Words that change with one sound.

Every pair below differs by exactly one sound: flip /ɑ/ to /ɔ/ and the meaning flips with it. Tap any word for its full breakdown.

/ɑ/ Collar
/ɔ/ Caller
Why people mix them up

If your ear blurs them, here's why.

The cot-caught merger (the linguists' name; it covers any /ɑ/-vs-/ɔ/ pair, including collar vs caller) has spread across most of the country over the last century. Roughly 60% of American speakers under 50 don't distinguish collar from caller, cot from caught, or stock from stalk. The merger is dominant in California, the Pacific Northwest, the Midwest, and Canada. It's preserved in older speakers in the Northeast (New York, Boston, Philadelphia) and the Inland North around the Great Lakes. So when an English learner can't tell collar apart from caller, the answer is often that most Americans can't either, and you can use one vowel for both in casual speech without anyone noticing.

How to practice

Train the muscle, then the ear.

4 short drills. Do them out loud: feel the change inside your mouth before you try to hear it.

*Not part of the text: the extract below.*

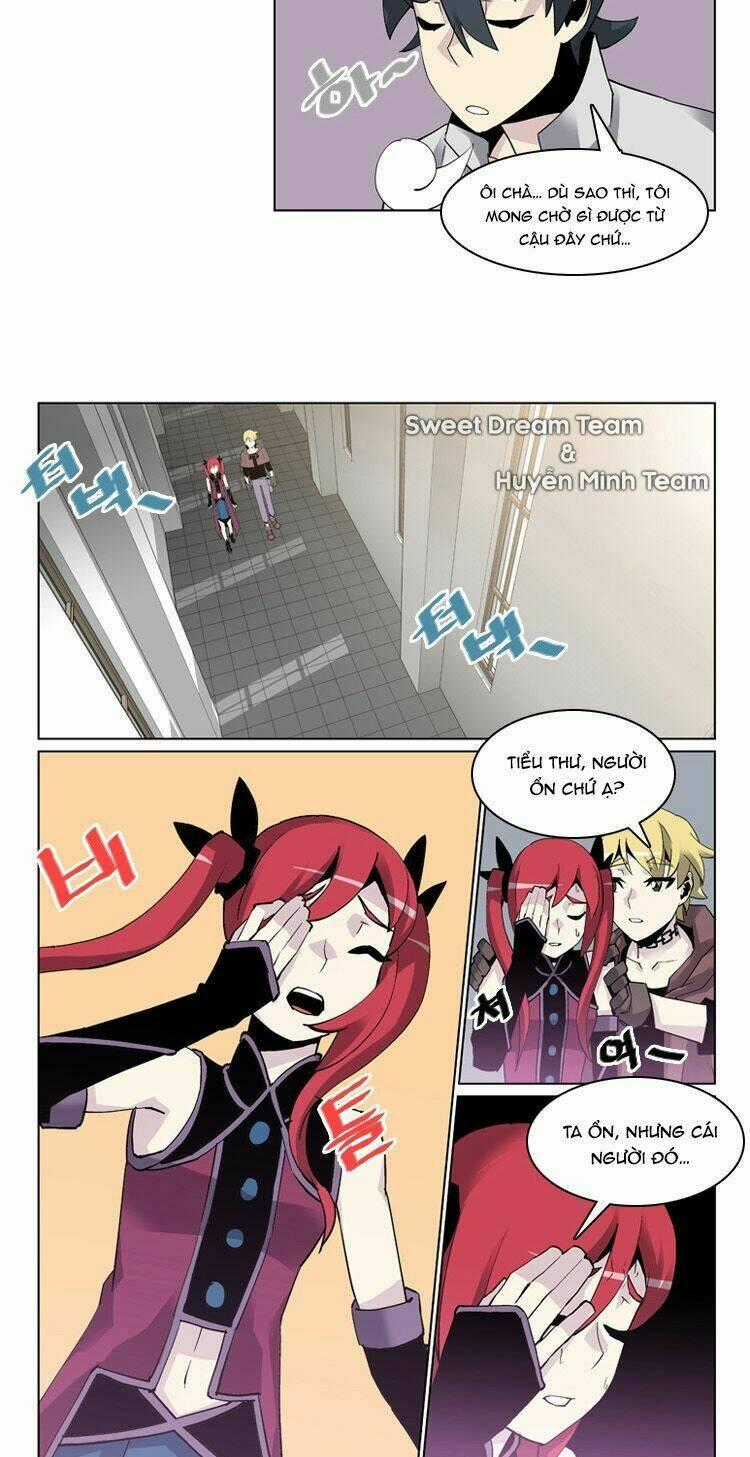 Maze Age Z Chapter 6 trang 18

Test which dialect you're targeting. Ask a few American friends whether collar and caller sound the same to them. If they say yes, you can safely use one vowel for both. If they say no, you're probably learning a Northeastern or Inland North accent and the next drills are worth the effort.

For the unmerged distinction: round your lips just a touch on /ɔ/ words. Caller, caught, law, dawn, taught, feel the corners of your lips pull in slightly. Collar, cot, hot, stock, keep the lips totally neutral. The mouth-position change is small but consistent.

Drill the canonical pairs: collar/caller, cot/caught, stock/stalk, hock/hawk, Don/Dawn. Slowly, with the lip difference exaggerated. These are classic minimal pairs, the words are identical except for this single vowel adjustment.

Skip this distinction if you're aiming at a general American or western accent. The energy is better spent on flap-T, function-word reductions, and other features Americans actually use every day. Defaulting to /ɑ/ for both vowels is what most younger Americans do anyway.

FAQ

Common questions about Collar vs Caller.

Are "collar" and "caller" really pronounced the same in American English?
For most American speakers under 50, yes. Both /ɑ/ and /ɔ/ have collapsed into a single open vowel, so collar and caller sound identical to roughly 60% of native speakers. Linguists call this the cot-caught merger, and it covers the western US, the Pacific Northwest, the Midwest, and Canada. The distinction is preserved in older speakers in New York, Boston, Philadelphia, and around the Great Lakes — but for the bulk of younger Americans these two words rhyme.
Should I learn the unmerged pronunciation if I'm studying American English?
It depends on your target accent. If you're aiming at a general American or western accent, no, collapsing /ɑ/ and /ɔ/ is what natives do. If you're targeting older New York, Boston, Philadelphia, or stage American, keeping them apart matters. For most learners, energy is better spent on flap-T, function-word reductions, and linking, all of which most Americans actually use every day, regardless of which side of the merger they grew up on.
What about words like "more", "core", and "store", do those still need /ɔ/?
Yes, but the rule is different there. R-colored vowels like more, core, store require lip rounding regardless of which side of the merger you grew up on, because the /r/ itself shapes the vowel. If you don't round your lips for these words, they'll sound like mar, car, star. The cot-caught merger only collapses the bare /ɑ/ vs /ɔ/ contrast in words without /r/.